If everything that happens is "progress" then we're living in the best of all possible worlds, right?


First you say:

> If you decide that anything a company isn't doing or stops doing must therefore be "not worth doing," you're going to wind up concluding a lot of things aren't "worth doing."

And then:

> Google - and Google alone - was uniquely positioned to make the most efficient, highest-performance RSS reader in the world.

In other words: the company that was uniquely positioned to make the best RSS reader, found that it wasn't worth doing. So, yeah, I'm going to call it. The idea, which seems good, is fundamentally flawed.

Progress is not "just keeping doing what we've been doing for a while because some people feel pretty strongly that we should keep doing it". Progress is recognizing the failures, culling off the dead flesh and seeing what grows in it's place.

Time for the next thing.


In other words: the company that was uniquely positioned to make the best RSS reader, found that it wasn't worth doing.

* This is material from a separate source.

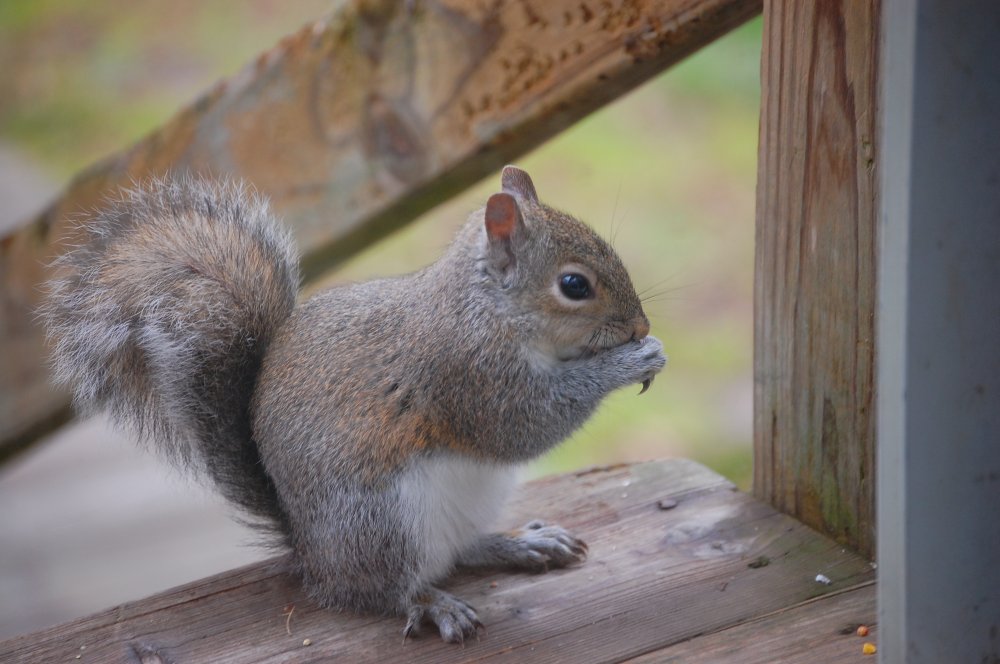 DSC_0003.JPG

They decided it wasn't profitable, which you insist makes it "not worth doing." I find that equation offensive, and you have responded to that criticism with mockery and no substance.

Progress is recognizing the failures, culling off the dead flesh and seeing what grows in it's place.

Creative destruction happens when something marvelous and new replaces something old, but simply destroying the old thing is never progress. Too many in the tech field seem to think that all destruction is "creative destruction," that all change is necessarily "progress."


You're looking for slights when there are none.

At the end of the day a product needs to be sustainable. That's just reality, and it applies to music and art as much as it applies to an online service. Sorry, but being offended about it doesn't mean anything.


"Worth doing" in a strictly commercial sense, perhaps, but part of what traditionally made the internet awesome was that it wasn't all about commerce.


That's why I liked Siegler's analogy to bees.